Is there an holomorphic function? If that function exists, is it unique? I am solving a problem that asked me if exist an holomorphic function which satisfies only two condition. both equally:
$$ f\left(\frac{1}{\alpha n} \right)=0\ \ \ \ and\ \ \ f\left( \frac{1}{\alpha n+1}\right)=1$$
where $\alpha, n \in \mathbb{N}$ where $\alpha$ is unique
I think that I have to use Identity theorem for holomorphic function. Someone could help me with this? thanks for all.
Note: I do not know if $f$ is or not holomorphic. (namely, I have to prove that exist, first, at least holomorphic function)
 A: Depending on the domain of your function, either no such function exists or it does exist but is not unique.

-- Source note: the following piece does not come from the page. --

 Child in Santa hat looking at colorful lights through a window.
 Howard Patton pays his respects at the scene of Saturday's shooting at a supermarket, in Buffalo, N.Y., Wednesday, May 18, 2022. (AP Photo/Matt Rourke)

If the domain is $\mathbb C$, then note that both $\lim_{n\to \infty}\frac{1}{\alpha n}=\lim_{n \to \infty}\frac{1}{\alpha n +1}=0$. So, since holomorphic functions are continuous, $f(0)=\lim_{n\to \infty} f(\frac{1}{\alpha n})=\lim_{n \to \infty}f(\frac{1}{\alpha n +1})$ must hold, but this statement is not compatible with the conditions given.
If you have the domain be $\mathbb C - \{0\}$, then the situation is different.
Let $\alpha \in \mathbb N$. If $\alpha = 1$ the condition is obviously contradicts itself.
Otherwise
$$e^{i 2\pi z/\alpha}=\begin{cases}1 &z= \alpha n \\ e^{i2\pi/\alpha}\neq 1 &z=\alpha n +1 \end{cases}$$
So with
$$f(z):=\frac{1-e^{i 2 \pi z /\alpha}}{1-e^{i2\pi/\alpha}}$$
You have $f(\alpha n)= 0$ and $f(\alpha n +1) = 1$ and $f$ is holomorphic on $\mathbb C$.
As a consequence $f(\frac{1}{z})$ is a holomorphic function on $\mathbb C - \{0\}$ that satisfies the condition. Now note that $e^{2\pi i z}$ evaluates to $1$ whenver $z \in \mathbb N$. For that reason, adding $a (1-e^{i2\pi /z})$ for any number $a \in \mathbb{C}$ will also satisfy the condtion and the solution is not unique.